■ WHAT YOU SHOULD DO: Output all of the data below exactly as given.

■ Stored items:
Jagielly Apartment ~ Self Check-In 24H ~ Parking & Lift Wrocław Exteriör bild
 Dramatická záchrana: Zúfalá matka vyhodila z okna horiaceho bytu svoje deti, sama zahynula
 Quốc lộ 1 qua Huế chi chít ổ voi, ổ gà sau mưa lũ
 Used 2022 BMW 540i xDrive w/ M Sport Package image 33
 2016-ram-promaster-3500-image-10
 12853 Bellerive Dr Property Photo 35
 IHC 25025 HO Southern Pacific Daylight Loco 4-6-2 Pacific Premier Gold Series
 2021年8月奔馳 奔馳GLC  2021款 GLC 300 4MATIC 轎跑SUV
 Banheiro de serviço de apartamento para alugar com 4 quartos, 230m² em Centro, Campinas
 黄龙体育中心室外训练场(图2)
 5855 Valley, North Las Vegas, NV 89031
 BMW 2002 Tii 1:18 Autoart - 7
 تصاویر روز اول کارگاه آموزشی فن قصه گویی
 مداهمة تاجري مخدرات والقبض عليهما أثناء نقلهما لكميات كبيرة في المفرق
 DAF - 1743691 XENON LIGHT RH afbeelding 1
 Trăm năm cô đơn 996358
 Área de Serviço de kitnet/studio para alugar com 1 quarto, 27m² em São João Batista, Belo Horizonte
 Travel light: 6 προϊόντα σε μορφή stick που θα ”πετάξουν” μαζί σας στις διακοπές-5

■ ANSWER BOX:
Jagielly Apartment ~ Self Check-In 24H ~ Parking & Lift Wrocław Exteriör bild
 Dramatická záchrana: Zúfalá matka vyhodila z okna horiaceho bytu svoje deti, sama zahynula
 Quốc lộ 1 qua Huế chi chít ổ voi, ổ gà sau mưa lũ
 Used 2022 BMW 540i xDrive w/ M Sport Package image 33
 2016-ram-promaster-3500-image-10
 12853 Bellerive Dr Property Photo 35
 IHC 25025 HO Southern Pacific Daylight Loco 4-6-2 Pacific Premier Gold Series
 2021年8月奔馳 奔馳GLC  2021款 GLC 300 4MATIC 轎跑SUV
 Banheiro de serviço de apartamento para alugar com 4 quartos, 230m² em Centro, Campinas
 黄龙体育中心室外训练场(图2)
 5855 Valley, North Las Vegas, NV 89031
 BMW 2002 Tii 1:18 Autoart - 7
 تصاویر روز اول کارگاه آموزشی فن قصه گویی
 مداهمة تاجري مخدرات والقبض عليهما أثناء نقلهما لكميات كبيرة في المفرق
 DAF - 1743691 XENON LIGHT RH afbeelding 1
 Trăm năm cô đơn 996358
 Área de Serviço de kitnet/studio para alugar com 1 quarto, 27m² em São João Batista, Belo Horizonte
 Travel light: 6 προϊόντα σε μορφή stick που θα ”πετάξουν” μαζί σας στις διακοπές-5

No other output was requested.